▶ _What needs to be done_
When you write out the listing, keep every character and omit the pictures.
═════ Material for this task
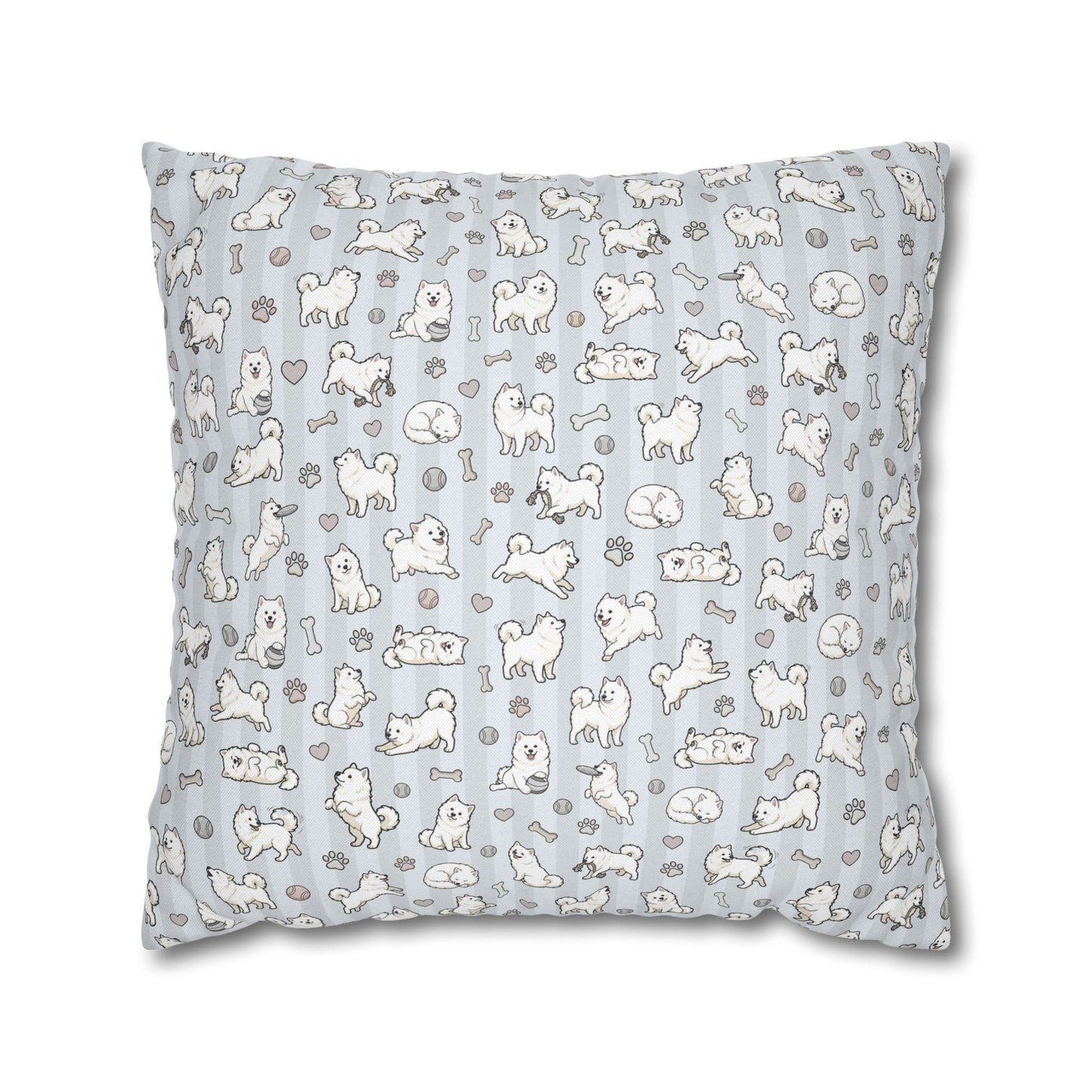 Double Sided Blue Design Samoyed Puppy With Bones, Hearts, and Paw Prints Pillowcase — Soft Striped Decorative Square Throw Pillow (Additional Sizes)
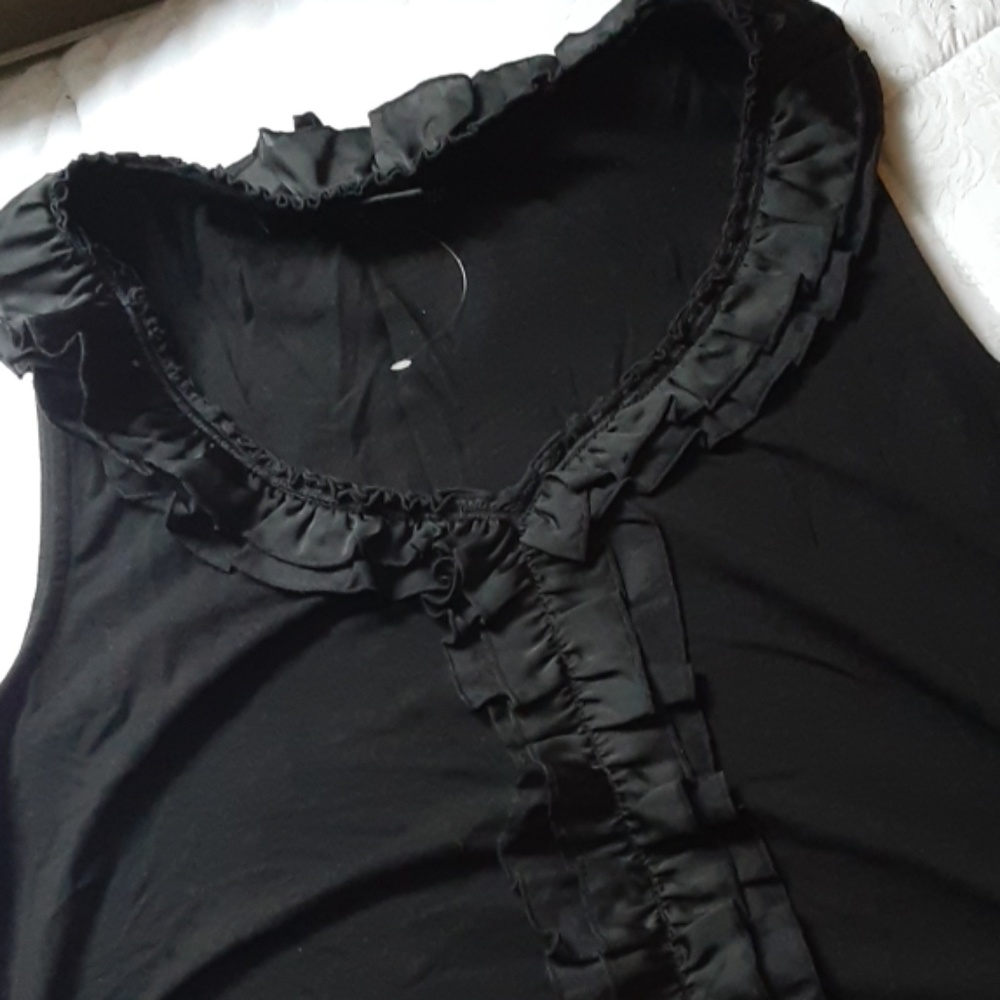 Black Ruffle Tank Top - Picture 3 of 3
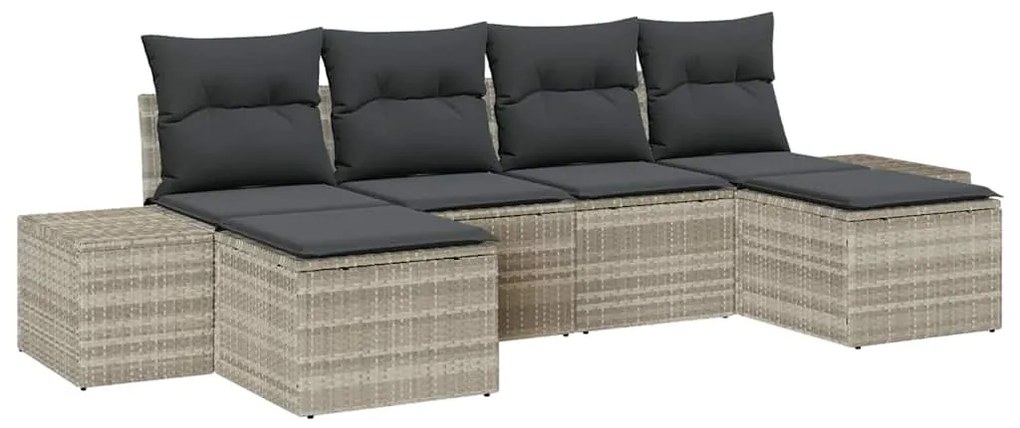 Conjunto de Sofá de Jardim de 6 Peças com Almofadas Cinza Claro Rattan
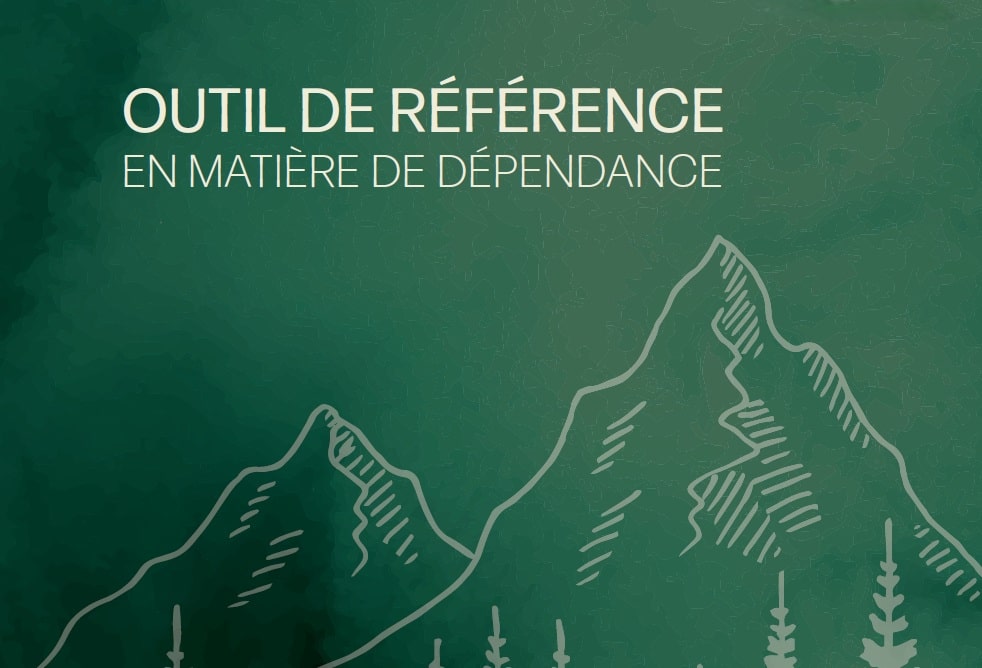 Page couverture d'un outil de référence en matière de dépendance, élaboré par le RCAAQ.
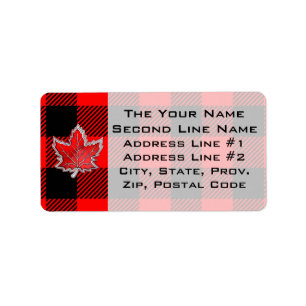 Maple Leaf on Buffalo Check Red Black Plaid Decor Label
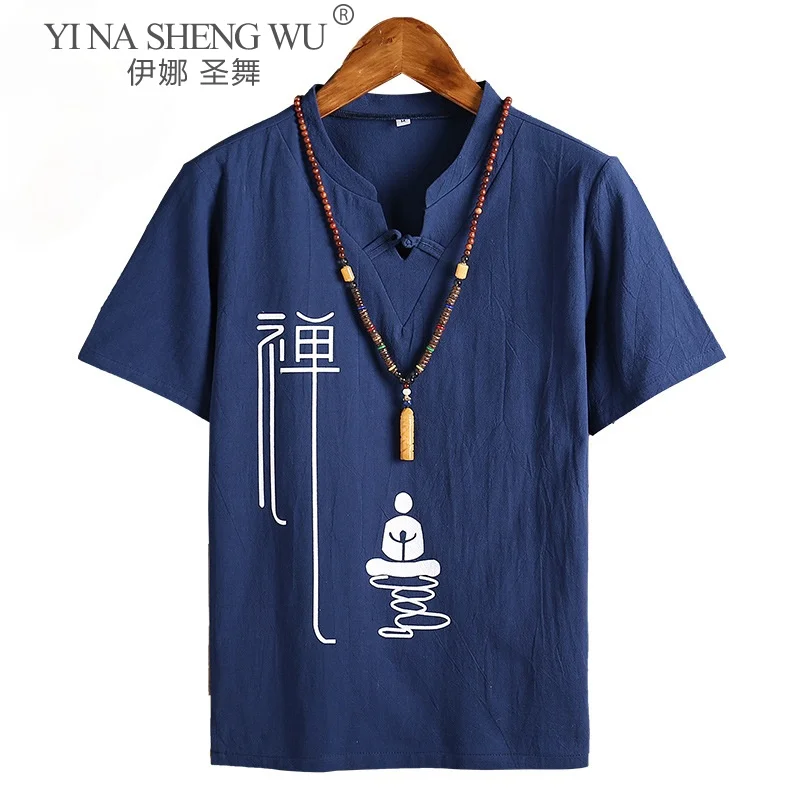 New Kimono Japanese Men Short-Sleeve Shirt V-Neck T-Shirt Japan Harajuku Style Asian Clothing Male Yukata Haori Cardigan Costume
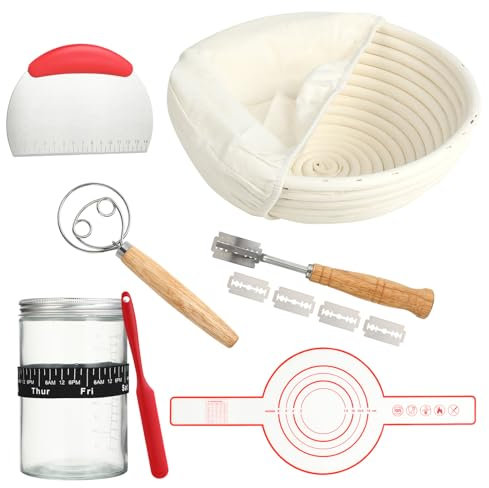 Atliberswo Set 8 Pezzi Kit Lievitazione Pane – Cestini Lievitazione Rattan 23 cm, Barattolo Fermentazione, Spatola, Coltelli Forno, Tappetino e Frusta per Torte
══════════
▶ _Written answer_
 Double Sided Blue Design Samoyed Puppy With Bones, Hearts, and Paw Prints Pillowcase — Soft Striped Decorative Square Throw Pillow (Additional Sizes)
 Black Ruffle Tank Top - Picture 3 of 3
 Conjunto de Sofá de Jardim de 6 Peças com Almofadas Cinza Claro Rattan
 Page couverture d'un outil de référence en matière de dépendance, élaboré par le RCAAQ.
 Maple Leaf on Buffalo Check Red Black Plaid Decor Label
 New Kimono Japanese Men Short-Sleeve Shirt V-Neck T-Shirt Japan Harajuku Style Asian Clothing Male Yukata Haori Cardigan Costume
 Atliberswo Set 8 Pezzi Kit Lievitazione Pane – Cestini Lievitazione Rattan 23 cm, Barattolo Fermentazione, Spatola, Coltelli Forno, Tappetino e Frusta per Torte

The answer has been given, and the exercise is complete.